Directions for this task - Here you must reproduce each line of the data exactly.

──────────────────────────────

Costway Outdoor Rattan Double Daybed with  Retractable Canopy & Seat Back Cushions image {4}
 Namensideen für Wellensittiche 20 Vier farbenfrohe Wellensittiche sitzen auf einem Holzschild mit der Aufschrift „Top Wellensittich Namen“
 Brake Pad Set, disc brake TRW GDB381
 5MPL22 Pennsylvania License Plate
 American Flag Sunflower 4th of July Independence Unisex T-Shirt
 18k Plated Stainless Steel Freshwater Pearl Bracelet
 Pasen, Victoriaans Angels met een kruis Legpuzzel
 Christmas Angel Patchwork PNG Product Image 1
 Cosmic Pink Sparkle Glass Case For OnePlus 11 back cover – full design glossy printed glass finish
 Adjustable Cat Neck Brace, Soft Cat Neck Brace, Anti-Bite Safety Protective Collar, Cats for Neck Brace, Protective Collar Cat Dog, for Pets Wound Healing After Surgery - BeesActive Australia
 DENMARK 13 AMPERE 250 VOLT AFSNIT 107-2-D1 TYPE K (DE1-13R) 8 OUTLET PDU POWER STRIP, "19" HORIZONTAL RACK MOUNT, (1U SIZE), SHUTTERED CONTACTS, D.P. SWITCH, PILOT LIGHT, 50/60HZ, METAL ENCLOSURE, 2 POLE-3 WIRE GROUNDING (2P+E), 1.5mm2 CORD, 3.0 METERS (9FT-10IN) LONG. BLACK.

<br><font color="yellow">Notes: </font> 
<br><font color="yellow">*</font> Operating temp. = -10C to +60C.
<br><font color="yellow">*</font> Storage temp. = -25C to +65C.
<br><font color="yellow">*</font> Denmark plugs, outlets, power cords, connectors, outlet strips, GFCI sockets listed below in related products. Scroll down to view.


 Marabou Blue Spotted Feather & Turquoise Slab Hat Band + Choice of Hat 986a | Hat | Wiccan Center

──────────────────────────────

Answer for the task -
Costway Outdoor Rattan Double Daybed with  Retractable Canopy & Seat Back Cushions image {4}
 Namensideen für Wellensittiche 20 Vier farbenfrohe Wellensittiche sitzen auf einem Holzschild mit der Aufschrift „Top Wellensittich Namen“
 Brake Pad Set, disc brake TRW GDB381
 5MPL22 Pennsylvania License Plate
 American Flag Sunflower 4th of July Independence Unisex T-Shirt
 18k Plated Stainless Steel Freshwater Pearl Bracelet
 Pasen, Victoriaans Angels met een kruis Legpuzzel
 Christmas Angel Patchwork PNG Product Image 1
 Cosmic Pink Sparkle Glass Case For OnePlus 11 back cover – full design glossy printed glass finish
 Adjustable Cat Neck Brace, Soft Cat Neck Brace, Anti-Bite Safety Protective Collar, Cats for Neck Brace, Protective Collar Cat Dog, for Pets Wound Healing After Surgery - BeesActive Australia
 DENMARK 13 AMPERE 250 VOLT AFSNIT 107-2-D1 TYPE K (DE1-13R) 8 OUTLET PDU POWER STRIP, "19" HORIZONTAL RACK MOUNT, (1U SIZE), SHUTTERED CONTACTS, D.P. SWITCH, PILOT LIGHT, 50/60HZ, METAL ENCLOSURE, 2 POLE-3 WIRE GROUNDING (2P+E), 1.5mm2 CORD, 3.0 METERS (9FT-10IN) LONG. BLACK.

<br><font color="yellow">Notes: </font> 
<br><font color="yellow">*</font> Operating temp. = -10C to +60C.
<br><font color="yellow">*</font> Storage temp. = -25C to +65C.
<br><font color="yellow">*</font> Denmark plugs, outlets, power cords, connectors, outlet strips, GFCI sockets listed below in related products. Scroll down to view.


 Marabou Blue Spotted Feather & Turquoise Slab Hat Band + Choice of Hat 986a | Hat | Wiccan Center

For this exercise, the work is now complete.